- ACTION ITEM
Can you restate the lines of the entries below, word for word, from the first one through the line that includes "територія. Розтермінування-пв 70%"?

- GIVEN DATA
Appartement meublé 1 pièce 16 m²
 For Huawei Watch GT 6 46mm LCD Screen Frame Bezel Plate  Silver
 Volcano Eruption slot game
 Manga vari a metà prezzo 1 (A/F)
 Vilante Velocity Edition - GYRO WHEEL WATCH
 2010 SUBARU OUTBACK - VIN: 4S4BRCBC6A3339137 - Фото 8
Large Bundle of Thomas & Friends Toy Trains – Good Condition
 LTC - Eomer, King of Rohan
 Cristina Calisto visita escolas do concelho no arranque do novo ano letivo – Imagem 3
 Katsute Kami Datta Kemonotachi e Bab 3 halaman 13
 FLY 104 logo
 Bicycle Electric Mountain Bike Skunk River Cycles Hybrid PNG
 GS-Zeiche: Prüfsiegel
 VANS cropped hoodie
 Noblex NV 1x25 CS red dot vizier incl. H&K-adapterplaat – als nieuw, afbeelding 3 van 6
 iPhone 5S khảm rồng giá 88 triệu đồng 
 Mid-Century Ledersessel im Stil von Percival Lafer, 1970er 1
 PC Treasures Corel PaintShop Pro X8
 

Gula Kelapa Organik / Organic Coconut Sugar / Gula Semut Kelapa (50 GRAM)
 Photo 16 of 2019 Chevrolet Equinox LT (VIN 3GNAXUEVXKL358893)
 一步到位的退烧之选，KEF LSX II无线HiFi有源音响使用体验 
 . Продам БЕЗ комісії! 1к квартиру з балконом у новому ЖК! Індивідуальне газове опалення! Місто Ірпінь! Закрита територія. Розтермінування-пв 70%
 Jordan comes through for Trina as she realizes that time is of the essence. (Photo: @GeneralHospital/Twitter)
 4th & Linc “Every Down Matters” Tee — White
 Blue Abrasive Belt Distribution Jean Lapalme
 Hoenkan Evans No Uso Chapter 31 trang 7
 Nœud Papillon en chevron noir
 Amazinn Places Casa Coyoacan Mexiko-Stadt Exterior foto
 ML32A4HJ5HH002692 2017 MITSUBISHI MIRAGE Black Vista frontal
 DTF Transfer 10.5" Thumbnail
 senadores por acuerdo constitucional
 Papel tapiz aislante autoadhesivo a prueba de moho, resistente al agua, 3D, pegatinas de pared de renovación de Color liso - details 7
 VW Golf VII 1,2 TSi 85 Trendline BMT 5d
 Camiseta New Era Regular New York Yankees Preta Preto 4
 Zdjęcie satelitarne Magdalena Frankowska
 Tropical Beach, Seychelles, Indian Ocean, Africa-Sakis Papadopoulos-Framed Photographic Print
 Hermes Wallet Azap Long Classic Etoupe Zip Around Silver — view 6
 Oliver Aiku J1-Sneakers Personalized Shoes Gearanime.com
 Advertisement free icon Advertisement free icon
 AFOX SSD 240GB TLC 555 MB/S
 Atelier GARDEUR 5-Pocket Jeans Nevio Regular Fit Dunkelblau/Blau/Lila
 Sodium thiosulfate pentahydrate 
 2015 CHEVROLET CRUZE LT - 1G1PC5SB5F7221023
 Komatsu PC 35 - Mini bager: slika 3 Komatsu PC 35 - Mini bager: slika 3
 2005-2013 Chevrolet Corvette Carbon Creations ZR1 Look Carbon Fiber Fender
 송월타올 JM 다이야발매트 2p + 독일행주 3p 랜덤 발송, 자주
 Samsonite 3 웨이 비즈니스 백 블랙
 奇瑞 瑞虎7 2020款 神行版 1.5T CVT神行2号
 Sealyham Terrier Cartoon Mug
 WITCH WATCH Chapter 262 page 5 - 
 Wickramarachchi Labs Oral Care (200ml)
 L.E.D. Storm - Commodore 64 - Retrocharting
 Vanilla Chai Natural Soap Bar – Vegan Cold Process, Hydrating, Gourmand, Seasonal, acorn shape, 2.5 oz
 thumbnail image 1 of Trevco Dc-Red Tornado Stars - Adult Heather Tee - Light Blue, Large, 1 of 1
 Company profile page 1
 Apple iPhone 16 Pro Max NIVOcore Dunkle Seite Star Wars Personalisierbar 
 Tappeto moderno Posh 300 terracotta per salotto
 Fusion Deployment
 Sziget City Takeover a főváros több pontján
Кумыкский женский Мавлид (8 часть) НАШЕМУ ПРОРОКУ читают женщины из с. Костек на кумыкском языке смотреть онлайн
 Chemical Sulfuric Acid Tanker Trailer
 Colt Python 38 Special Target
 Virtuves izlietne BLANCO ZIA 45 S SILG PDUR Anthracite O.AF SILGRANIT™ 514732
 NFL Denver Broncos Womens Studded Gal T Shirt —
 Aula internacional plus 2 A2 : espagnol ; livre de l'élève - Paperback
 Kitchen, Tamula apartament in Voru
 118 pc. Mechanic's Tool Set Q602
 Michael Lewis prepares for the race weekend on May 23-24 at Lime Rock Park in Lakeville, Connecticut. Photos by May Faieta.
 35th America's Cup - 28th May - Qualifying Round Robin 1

- SOLUTION TO THE PROBLEM
Appartement meublé 1 pièce 16 m²
 For Huawei Watch GT 6 46mm LCD Screen Frame Bezel Plate  Silver
 Volcano Eruption slot game
 Manga vari a metà prezzo 1 (A/F)
 Vilante Velocity Edition - GYRO WHEEL WATCH
 2010 SUBARU OUTBACK - VIN: 4S4BRCBC6A3339137 - Фото 8
Large Bundle of Thomas & Friends Toy Trains – Good Condition
 LTC - Eomer, King of Rohan
 Cristina Calisto visita escolas do concelho no arranque do novo ano letivo – Imagem 3
 Katsute Kami Datta Kemonotachi e Bab 3 halaman 13
 FLY 104 logo
 Bicycle Electric Mountain Bike Skunk River Cycles Hybrid PNG
 GS-Zeiche: Prüfsiegel
 VANS cropped hoodie
 Noblex NV 1x25 CS red dot vizier incl. H&K-adapterplaat – als nieuw, afbeelding 3 van 6
 iPhone 5S khảm rồng giá 88 triệu đồng 
 Mid-Century Ledersessel im Stil von Percival Lafer, 1970er 1
 PC Treasures Corel PaintShop Pro X8
 

Gula Kelapa Organik / Organic Coconut Sugar / Gula Semut Kelapa (50 GRAM)
 Photo 16 of 2019 Chevrolet Equinox LT (VIN 3GNAXUEVXKL358893)
 一步到位的退烧之选，KEF LSX II无线HiFi有源音响使用体验 
 . Продам БЕЗ комісії! 1к квартиру з балконом у новому ЖК! Індивідуальне газове опалення! Місто Ірпінь! Закрита територія. Розтермінування-пв 70%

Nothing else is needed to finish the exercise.